RISTRUTTURAZIONI EDILIZIE – AGEVOLAZIONI FISCALI

Agevolazione per lavori di manutenzione ordinaria e straordinaria

Sulle prestazioni di servizi relativi a interventi di manutenzione, ordinaria e straordinaria, realizzati su immobili residenziali, è previsto un regime agevolato, che consiste nell’applicazione dell’Iva ridotta al 10%. Le cessioni di beni restano assoggettate all’aliquota Iva ridotta, invece, solo se la relativa fornitura è posta in essere nell’ambito del contratto di appalto.

Tuttavia, quando l’appaltatore fornisce beni di valore significativo, l’aliquota ridotta si applica ai predetti beni soltanto fino a concorrenza del valore della prestazione considerato al netto del valore dei beni stessi.
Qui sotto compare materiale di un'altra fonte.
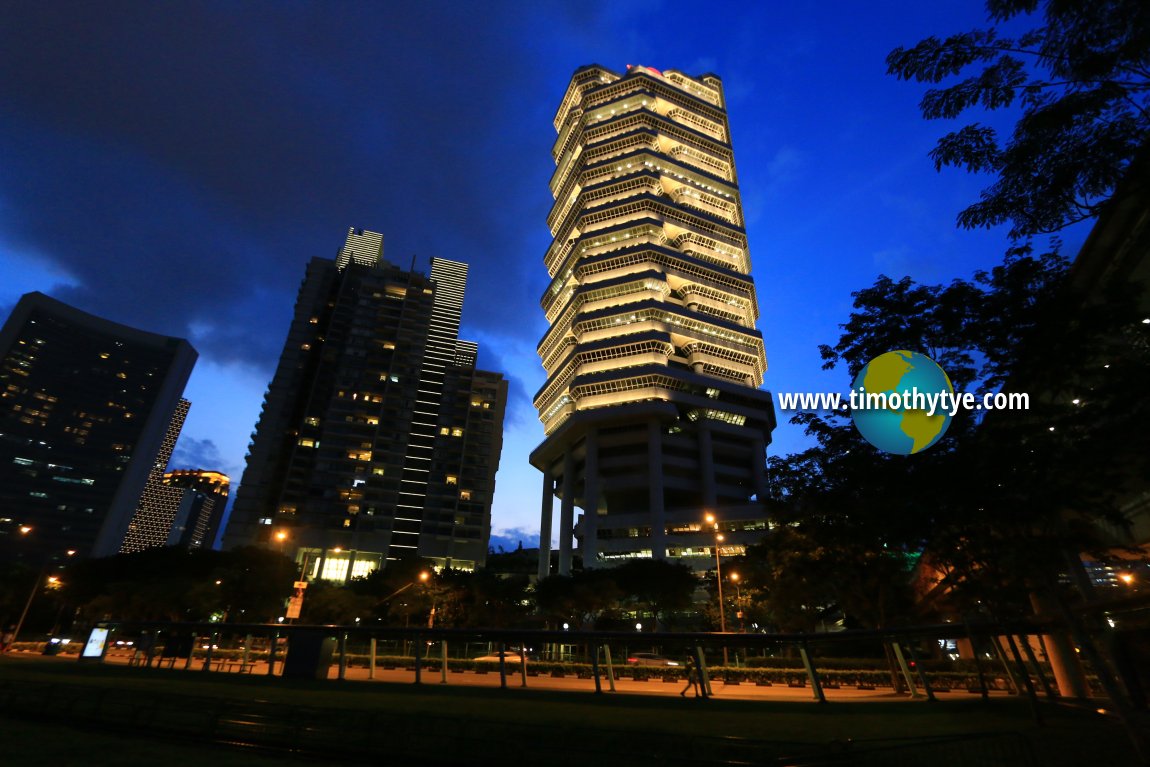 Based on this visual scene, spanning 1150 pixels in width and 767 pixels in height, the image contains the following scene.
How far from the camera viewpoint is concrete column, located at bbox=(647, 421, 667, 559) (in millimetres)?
94250

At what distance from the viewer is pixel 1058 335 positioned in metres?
12.0

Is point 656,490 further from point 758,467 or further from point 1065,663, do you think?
point 1065,663

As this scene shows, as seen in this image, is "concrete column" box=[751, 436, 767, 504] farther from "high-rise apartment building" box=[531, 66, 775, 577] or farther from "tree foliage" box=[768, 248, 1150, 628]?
"tree foliage" box=[768, 248, 1150, 628]

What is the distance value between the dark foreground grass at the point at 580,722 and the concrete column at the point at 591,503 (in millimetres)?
79706

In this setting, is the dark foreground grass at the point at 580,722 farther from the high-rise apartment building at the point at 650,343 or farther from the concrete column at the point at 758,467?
the concrete column at the point at 758,467

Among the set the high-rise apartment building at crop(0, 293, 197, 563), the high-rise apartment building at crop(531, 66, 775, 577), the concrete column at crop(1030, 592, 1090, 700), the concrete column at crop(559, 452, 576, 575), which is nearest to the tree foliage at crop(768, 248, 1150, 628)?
the concrete column at crop(1030, 592, 1090, 700)

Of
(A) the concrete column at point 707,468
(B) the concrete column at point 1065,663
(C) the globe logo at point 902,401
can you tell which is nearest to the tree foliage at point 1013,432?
(C) the globe logo at point 902,401

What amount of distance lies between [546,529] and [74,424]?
499 ft

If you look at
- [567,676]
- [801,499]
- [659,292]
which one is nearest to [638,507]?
[659,292]

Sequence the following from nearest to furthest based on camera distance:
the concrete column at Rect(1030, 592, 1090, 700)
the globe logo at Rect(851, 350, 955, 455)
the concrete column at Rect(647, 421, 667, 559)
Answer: the globe logo at Rect(851, 350, 955, 455) → the concrete column at Rect(1030, 592, 1090, 700) → the concrete column at Rect(647, 421, 667, 559)

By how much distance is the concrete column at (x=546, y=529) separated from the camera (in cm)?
11238

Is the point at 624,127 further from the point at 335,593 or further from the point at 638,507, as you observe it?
the point at 335,593

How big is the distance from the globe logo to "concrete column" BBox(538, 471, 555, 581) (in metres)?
96.7

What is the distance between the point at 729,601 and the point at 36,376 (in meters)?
202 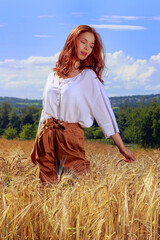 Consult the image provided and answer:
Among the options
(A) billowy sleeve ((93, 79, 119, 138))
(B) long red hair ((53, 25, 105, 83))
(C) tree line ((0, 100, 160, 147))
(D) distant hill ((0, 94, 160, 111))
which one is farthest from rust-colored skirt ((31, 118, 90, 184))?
(D) distant hill ((0, 94, 160, 111))

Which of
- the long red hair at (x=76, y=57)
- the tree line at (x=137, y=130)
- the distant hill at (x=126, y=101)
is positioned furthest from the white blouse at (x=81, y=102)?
the distant hill at (x=126, y=101)

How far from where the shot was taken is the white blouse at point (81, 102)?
2668 millimetres

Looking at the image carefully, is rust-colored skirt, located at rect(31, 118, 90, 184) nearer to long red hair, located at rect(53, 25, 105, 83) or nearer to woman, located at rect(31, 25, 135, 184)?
woman, located at rect(31, 25, 135, 184)

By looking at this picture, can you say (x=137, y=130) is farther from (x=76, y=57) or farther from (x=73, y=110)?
(x=73, y=110)

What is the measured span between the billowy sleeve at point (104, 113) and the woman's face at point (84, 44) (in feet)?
0.96

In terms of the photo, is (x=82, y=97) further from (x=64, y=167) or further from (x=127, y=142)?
(x=127, y=142)

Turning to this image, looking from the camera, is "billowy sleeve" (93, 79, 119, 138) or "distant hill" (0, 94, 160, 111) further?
"distant hill" (0, 94, 160, 111)

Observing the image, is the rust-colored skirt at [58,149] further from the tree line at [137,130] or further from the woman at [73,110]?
the tree line at [137,130]

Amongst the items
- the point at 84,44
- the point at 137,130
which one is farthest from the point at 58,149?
the point at 137,130

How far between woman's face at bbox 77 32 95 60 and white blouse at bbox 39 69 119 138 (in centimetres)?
14

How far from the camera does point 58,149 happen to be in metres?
2.74

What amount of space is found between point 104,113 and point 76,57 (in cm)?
55

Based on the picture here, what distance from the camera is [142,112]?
59.7ft

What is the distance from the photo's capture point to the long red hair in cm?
281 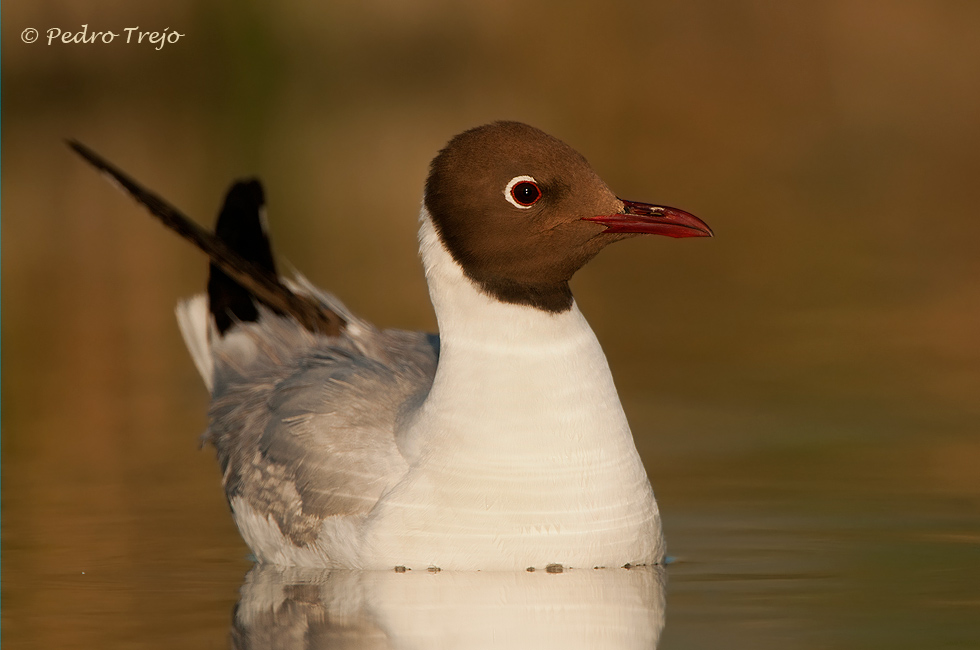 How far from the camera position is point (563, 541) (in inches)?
229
Tale limite di valore deve essere individuato sottraendo dall’importo complessivo della prestazione, rappresentato dall’intero corrispettivo dovuto dal committente, il valore dei beni significativi.

I beni significativi sono stati espressamente individuati dal decreto 29 dicembre 1999. Si tratta di:

-ascensori e montacarichi

-infissi esterni e interni caldaie

-video citofoni

-apparecchiature di condizionamento e riciclo dell’aria

-sanitari e rubinetteria da bagni

-impianti di sicurezza.

Su questi beni significativi, quindi, l’aliquota agevolata del 10% si applica solo sulla differenza tra il valore complessivo della prestazione e quello dei beni stessi.ESEMPIOCosto totale dell’intervento 10.000 euro, di cui: a) per prestazione lavorativa 4.000 euro b) costo dei beni significativi (per esempio, rubinetteria e sanitari) 6.000 euro. Su questi 6.000 euro di beni significativi, l’Iva al 10% si applica solo su 4.000 euro, cioè sulla differenza tra l’importo complessivo dell’intervento e quello degli stessi beni significativi (10.000 – 6.000 = 4.000).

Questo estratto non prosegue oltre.